Once upon a time (OK, it was February 2011), Nokia's (NYSE: NOK), then-new CEO, Stephen Elop, sent out what is now known as "The Burning Platform" memo. In it, Elop gave a candid assessment of his company's smartphone platforms vis-a-vis the competition from Apple (Nasdaq: AAPL) and Google (Nasdaq: GOOG).

"The first iPhone shipped in 2007, and we still don't have a product that is close to their experience," he wrote. "Android came on the scene just over 2 years ago, and this week they took our leadership position in smartphone volumes. ... Nokia, our platform is burning."

He also was explicit in his assessment of Nokia's existing mid-range smartphone OS, Symbian: "non-competitive in leading markets like North America," and "an increasingly difficult environment in which to develop."

As for MeeGo, the open-source Linux-based mobile OS jointly developed with Intel (Nasdaq: INTC), the OS that was supposed to save the company, Elop said: "We thought MeeGo would be a platform for winning high-end smartphones. However ... by the end of 2011, we might have only one MeeGo product in the market."
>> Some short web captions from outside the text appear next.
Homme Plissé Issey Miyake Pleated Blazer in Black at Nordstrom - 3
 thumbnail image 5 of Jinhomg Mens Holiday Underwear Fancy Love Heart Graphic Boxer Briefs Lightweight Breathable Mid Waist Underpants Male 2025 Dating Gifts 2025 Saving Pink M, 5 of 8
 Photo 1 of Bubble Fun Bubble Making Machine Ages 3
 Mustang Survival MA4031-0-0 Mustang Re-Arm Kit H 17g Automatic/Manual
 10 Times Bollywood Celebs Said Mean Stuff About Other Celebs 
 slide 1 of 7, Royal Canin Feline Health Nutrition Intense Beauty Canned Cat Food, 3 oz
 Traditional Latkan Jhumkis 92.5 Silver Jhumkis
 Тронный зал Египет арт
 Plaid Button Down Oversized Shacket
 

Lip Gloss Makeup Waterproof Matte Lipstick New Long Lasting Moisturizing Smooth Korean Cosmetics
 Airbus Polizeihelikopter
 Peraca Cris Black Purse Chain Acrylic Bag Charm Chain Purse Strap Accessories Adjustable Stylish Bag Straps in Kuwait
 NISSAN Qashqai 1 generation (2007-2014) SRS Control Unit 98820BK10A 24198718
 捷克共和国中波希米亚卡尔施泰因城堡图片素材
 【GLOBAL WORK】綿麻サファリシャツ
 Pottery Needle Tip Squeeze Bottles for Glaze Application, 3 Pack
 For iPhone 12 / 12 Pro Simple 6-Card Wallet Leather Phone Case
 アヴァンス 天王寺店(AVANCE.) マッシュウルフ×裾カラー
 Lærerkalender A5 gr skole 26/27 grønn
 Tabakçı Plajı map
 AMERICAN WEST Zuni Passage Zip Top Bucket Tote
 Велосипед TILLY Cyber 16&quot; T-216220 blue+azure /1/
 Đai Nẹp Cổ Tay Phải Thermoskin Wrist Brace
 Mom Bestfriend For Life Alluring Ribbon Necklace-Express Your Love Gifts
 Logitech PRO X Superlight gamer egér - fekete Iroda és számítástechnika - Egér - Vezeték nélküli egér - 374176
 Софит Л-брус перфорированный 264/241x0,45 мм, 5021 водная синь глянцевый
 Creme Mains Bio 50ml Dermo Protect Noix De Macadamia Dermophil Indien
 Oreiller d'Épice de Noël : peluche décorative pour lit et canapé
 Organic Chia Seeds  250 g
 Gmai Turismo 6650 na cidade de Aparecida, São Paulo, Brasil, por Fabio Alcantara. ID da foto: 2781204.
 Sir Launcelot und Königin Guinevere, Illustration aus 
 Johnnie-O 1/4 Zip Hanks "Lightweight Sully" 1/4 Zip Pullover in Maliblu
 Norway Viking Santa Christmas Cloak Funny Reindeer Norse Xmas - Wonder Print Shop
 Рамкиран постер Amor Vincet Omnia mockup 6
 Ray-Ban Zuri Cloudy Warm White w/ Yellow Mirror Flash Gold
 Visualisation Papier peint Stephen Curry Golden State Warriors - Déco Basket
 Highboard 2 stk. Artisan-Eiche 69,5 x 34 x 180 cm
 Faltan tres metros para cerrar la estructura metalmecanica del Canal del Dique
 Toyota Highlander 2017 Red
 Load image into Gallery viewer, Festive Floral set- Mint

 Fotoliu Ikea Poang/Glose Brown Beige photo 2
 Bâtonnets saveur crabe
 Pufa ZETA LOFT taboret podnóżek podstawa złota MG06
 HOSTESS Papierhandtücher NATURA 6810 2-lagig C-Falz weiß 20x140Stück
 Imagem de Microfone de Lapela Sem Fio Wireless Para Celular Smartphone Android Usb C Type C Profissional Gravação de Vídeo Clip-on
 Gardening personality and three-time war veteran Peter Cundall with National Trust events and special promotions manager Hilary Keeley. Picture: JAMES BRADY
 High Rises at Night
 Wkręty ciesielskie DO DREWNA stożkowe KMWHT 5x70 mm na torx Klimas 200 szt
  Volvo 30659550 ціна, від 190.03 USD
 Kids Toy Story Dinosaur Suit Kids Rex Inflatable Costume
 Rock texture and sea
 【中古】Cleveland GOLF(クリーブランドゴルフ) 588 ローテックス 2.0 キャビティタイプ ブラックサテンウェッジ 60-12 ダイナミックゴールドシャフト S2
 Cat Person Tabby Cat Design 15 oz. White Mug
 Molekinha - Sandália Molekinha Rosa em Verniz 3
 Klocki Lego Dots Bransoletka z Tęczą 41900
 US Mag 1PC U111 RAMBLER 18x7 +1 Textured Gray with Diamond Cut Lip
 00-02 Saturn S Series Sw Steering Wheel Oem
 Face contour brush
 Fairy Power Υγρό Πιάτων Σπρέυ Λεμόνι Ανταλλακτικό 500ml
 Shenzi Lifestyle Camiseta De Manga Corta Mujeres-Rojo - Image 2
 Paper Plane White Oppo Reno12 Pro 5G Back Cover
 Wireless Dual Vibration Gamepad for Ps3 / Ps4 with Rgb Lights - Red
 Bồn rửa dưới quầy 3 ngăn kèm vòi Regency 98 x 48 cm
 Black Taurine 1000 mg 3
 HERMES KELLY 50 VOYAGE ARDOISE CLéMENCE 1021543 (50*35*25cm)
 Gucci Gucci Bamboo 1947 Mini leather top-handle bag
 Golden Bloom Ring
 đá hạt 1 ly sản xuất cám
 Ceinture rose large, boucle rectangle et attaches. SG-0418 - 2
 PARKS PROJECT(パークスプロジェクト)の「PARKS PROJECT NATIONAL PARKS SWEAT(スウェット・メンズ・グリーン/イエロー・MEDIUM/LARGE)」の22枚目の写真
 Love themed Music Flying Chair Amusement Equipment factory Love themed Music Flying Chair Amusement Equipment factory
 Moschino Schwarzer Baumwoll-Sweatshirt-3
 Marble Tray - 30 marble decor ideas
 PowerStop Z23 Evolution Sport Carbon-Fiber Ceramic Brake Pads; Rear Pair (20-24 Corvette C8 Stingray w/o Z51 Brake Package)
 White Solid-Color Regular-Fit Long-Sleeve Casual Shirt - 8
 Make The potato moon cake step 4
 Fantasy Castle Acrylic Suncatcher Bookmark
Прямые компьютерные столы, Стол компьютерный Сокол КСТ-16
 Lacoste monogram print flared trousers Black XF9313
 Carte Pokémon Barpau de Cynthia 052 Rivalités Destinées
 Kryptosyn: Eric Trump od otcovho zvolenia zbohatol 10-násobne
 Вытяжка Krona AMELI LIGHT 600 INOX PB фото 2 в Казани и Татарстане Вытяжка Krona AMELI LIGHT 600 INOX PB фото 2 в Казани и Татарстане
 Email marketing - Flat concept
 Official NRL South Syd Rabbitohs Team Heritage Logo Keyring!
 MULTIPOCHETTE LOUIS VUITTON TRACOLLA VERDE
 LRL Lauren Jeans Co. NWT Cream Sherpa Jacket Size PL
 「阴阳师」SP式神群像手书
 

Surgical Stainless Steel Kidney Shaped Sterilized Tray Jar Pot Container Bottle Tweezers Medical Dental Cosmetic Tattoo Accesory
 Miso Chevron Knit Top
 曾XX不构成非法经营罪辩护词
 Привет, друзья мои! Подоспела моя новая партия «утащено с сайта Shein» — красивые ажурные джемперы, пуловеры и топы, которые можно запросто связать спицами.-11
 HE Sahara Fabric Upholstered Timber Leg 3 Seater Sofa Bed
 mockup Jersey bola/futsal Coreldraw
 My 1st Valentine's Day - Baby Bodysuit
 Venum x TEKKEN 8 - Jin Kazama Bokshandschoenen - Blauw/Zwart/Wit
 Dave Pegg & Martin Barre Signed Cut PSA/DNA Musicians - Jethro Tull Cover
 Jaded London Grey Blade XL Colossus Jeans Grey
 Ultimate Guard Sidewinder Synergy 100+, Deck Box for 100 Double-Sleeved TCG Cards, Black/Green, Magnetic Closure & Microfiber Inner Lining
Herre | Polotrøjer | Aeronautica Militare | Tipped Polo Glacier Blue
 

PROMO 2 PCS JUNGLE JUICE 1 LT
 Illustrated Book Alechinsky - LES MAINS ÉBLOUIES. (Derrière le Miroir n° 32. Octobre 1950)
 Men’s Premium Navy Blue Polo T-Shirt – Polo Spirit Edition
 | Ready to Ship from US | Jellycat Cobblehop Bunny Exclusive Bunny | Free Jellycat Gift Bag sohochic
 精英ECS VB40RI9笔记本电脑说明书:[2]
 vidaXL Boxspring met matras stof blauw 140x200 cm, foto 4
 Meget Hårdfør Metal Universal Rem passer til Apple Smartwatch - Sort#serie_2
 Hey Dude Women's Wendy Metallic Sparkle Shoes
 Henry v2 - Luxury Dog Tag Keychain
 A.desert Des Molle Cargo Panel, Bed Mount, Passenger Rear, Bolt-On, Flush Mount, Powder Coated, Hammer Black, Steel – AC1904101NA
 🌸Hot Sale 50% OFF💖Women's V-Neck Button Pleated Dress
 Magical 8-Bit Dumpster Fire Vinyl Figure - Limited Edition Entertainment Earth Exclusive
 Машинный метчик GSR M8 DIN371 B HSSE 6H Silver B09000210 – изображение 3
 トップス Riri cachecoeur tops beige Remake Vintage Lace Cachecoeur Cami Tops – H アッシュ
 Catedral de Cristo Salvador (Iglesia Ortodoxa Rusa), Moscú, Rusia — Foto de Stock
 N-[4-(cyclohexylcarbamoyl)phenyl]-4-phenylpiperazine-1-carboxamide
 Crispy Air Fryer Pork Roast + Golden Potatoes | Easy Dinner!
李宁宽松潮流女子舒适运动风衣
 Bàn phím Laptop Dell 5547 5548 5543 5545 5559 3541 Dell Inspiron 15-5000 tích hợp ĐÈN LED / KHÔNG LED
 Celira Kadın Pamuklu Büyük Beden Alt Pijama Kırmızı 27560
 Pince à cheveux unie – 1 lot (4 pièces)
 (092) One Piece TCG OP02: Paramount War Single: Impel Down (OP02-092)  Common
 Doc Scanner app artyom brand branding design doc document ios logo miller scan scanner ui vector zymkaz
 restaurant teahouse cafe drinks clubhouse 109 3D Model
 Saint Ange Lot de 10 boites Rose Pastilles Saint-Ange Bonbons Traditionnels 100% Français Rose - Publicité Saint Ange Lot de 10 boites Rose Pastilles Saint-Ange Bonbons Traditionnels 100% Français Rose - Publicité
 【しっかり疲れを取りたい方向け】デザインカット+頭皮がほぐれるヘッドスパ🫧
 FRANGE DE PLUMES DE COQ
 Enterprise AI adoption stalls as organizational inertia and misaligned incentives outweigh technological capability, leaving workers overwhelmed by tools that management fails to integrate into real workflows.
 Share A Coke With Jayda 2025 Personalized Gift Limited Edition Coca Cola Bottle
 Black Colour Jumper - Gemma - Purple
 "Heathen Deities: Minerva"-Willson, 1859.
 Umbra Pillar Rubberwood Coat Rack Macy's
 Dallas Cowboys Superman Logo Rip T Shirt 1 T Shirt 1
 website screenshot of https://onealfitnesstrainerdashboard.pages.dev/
A MeeGo phone did eventually come out, the N9 -- the first and last of its kind. Nokia then stopped MeeGo development and, as everyone now knows, went with Microsoft's (Nasdaq: MSFT) Windows Phone OS.

That should have spelled bye-bye for MeeGo, just another would-be mobile ecosystem that couldn't compete with iOS and Android.

But wait
MeeGo hasn't died. Helsinki-based start-up Jolla Ltd. has said it plans to produce MeeGo smartphones and will have an example ready to show this year. The Jolla team is led by former members of Nokia's MeeGo group. The CEO is the former director of MeeGo Computer Releases and Integration at Nokia, and the Jolla COO, CIO, and VP of sales are also escapees from Nokia.

MeeGo is not the only open-source mobile OS out there vying for a decent sized slice of the mobile platform pie. Recently, Mozilla, the parent of the Firefox browser, announced its plans to launch Firefox OS. Based on HTML5 rather than proprietary code, Mozilla says Firefox OS is aimed at cheaper handsets marketed in emerging markets. And MeeGo will also have to contend with Tizen, a Linux-based OS supported by Samsung and Intel.

It would be sweet irony, indeed, for the Nokia refugees if MeeGo would turn out to have a stronger market pull than its usurper, Windows Phone. And a bitter pill for Nokia to swallow.